Secure Confluence approval workflows with Runs on Atlassian

Confluence is where critical documentation lives, from policies and SOPs to technical specs and internal standards. But structured approval workflows are not supported natively, so organizations rely on third-party apps from the Atlassian Marketplace to implement document management and approval processes.

For compliance-critical use cases, this creates a problem. Adding these apps also means introducing another system that processes sensitive data, often outside Atlassian’s infrastructure.

So the important question is: how do you enforce structured approvals and governance without creating new security risks or compliance gaps?

This is where Atlassian’s “Runs on Atlassian” (RoA) program comes in.

What is a Confluence approval workflow?

A Confluence approval workflow is a structured process that defines how content is reviewed, approved, and managed throughout its lifecycle.

In practice, this means documents move through defined stages such as “Draft”, “Review required”, and “In approval”. As they move through these stages, reviewers are assigned, notifications are sent, and progress is visible to everyone involved.

These workflows and lifecycle stages are essential for teams managing policies, SOPs, and other compliance-critical documentation.

Because Confluence does not provide these capabilities natively, teams typically rely on apps from the Atlassian Marketplace to implement them.

Typical capabilities of these apps include:

• Defined approval steps and responsibilities
• Visibility into who approved what and when
• Version control and document status tracking
• Auditability for compliance and governance

However, relying on third-party apps introduces a new challenge. It raises questions about how these apps handle security and compliance.

The hidden trade-off: functionality vs. security

Once you rely on third-party apps to implement Confluence approval workflows, you’re no longer just adding functionality. You’re introducing another system that processes your data outside of Atlassian.

For organizations, this has practical implications. Security teams need to evaluate an additional vendor, data handling and storage practices must be reviewed, and data residency requirements become harder to guarantee. At the same time, procurement processes become more complex, and the time to roll out these workflows can increase.

The trade-off becomes clear. You gain more functionality with features that native Confluence does not provide, but at the cost of increased security and compliance risk.

For many enterprise teams, this is where adoption stalls. Not because workflow functionality is not needed, but because the risk introduced by external processing is too high.

Runs on Atlassian

To resolve this trade-off, third-party apps need to run entirely within the Atlassian Cloud. And this is exactly what the Runs on Atlassian (RoA) program enables.

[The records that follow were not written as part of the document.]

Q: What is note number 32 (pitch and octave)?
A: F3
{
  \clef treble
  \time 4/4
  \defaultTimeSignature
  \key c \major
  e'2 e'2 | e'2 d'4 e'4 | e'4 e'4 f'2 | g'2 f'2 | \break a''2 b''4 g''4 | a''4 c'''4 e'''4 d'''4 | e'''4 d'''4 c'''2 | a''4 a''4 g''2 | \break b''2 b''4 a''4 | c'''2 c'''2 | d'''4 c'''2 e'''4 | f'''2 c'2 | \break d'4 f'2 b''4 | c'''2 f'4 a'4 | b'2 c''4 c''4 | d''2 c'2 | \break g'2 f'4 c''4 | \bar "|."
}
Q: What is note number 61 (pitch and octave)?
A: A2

Apps with the “Runs on Atlassian” badge operate fully on Atlassian’s infrastructure and do not transfer customer data outside the platform.

In practice, this means:

• All data stays within your Atlassian Cloud site
• There is no external processing or storage
• Apps align with Atlassian’s security and compliance model

Because RoA apps run entirely within Atlassian, this reduces risk and simplifies security reviews. It also removes one of the main barriers to adopting Confluence approval workflows by speeding up procurement and rollout, especially in enterprise and regulated environments.

Breeze: Secure Confluence approval workflows that are built on Atlassian

This is where Breeze fits in.

Today, Breeze is the only full Confluence document management and workflow app with the Runs on Atlassian badge.

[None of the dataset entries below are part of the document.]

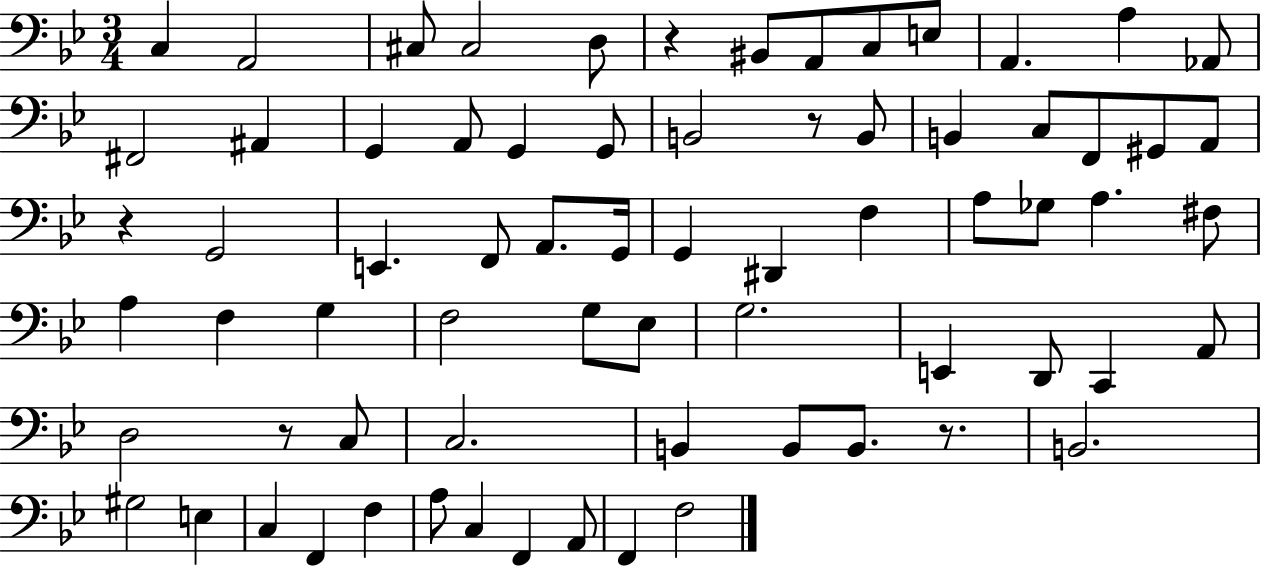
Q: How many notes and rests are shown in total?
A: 71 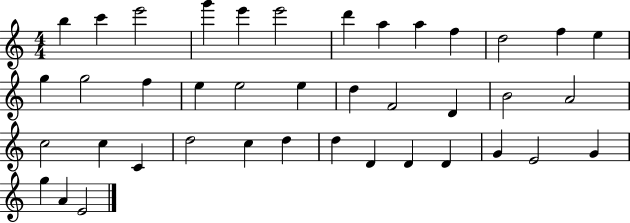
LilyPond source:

{
  \clef treble
  \numericTimeSignature
  \time 4/4
  \key c \major
  b''4 c'''4 e'''2 | g'''4 e'''4 e'''2 | d'''4 a''4 a''4 f''4 | d''2 f''4 e''4 | \break g''4 g''2 f''4 | e''4 e''2 e''4 | d''4 f'2 d'4 | b'2 a'2 | \break c''2 c''4 c'4 | d''2 c''4 d''4 | d''4 d'4 d'4 d'4 | g'4 e'2 g'4 | \break g''4 a'4 e'2 | \bar "|."
} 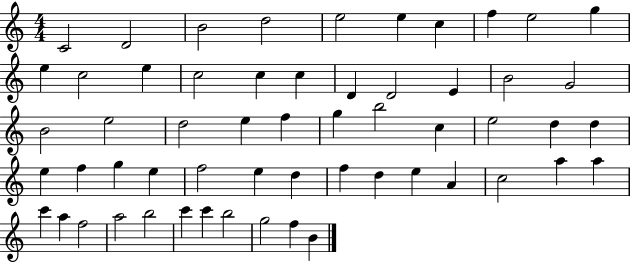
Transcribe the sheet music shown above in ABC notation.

X:1
T:Untitled
M:4/4
L:1/4
K:C
C2 D2 B2 d2 e2 e c f e2 g e c2 e c2 c c D D2 E B2 G2 B2 e2 d2 e f g b2 c e2 d d e f g e f2 e d f d e A c2 a a c' a f2 a2 b2 c' c' b2 g2 f B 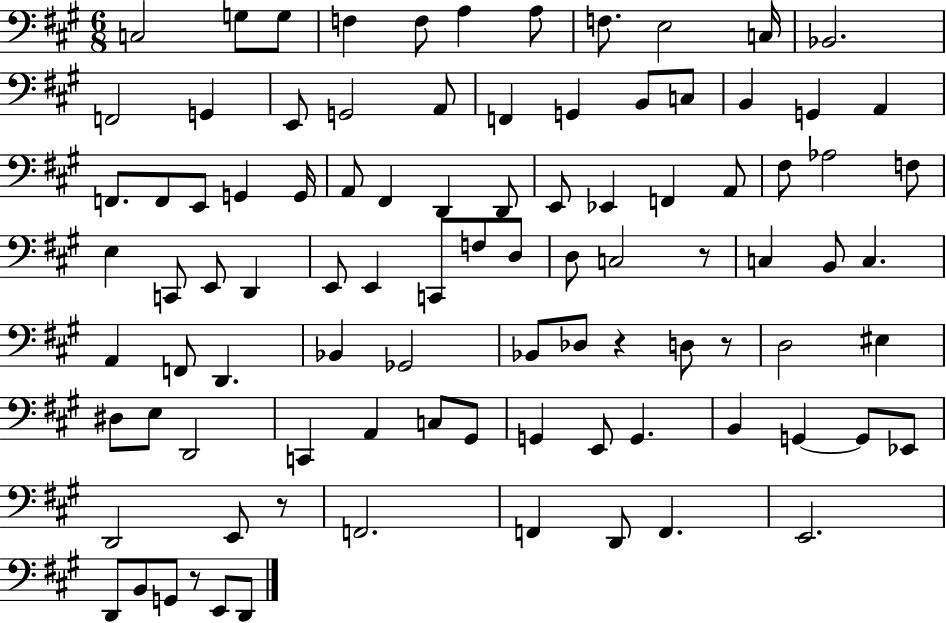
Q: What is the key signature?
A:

It provides a full document management and workflow solution, enabling teams to define structured approvals, enforce governance, and manage document lifecycles directly within Confluence.

Because Breeze runs entirely on Atlassian infrastructure, all data remains within the platform and never leaves your Cloud site. There is no external processing and no additional systems handling sensitive information.

This means you can introduce structured approval workflows without adding security risk, compliance complexity, or procurement friction.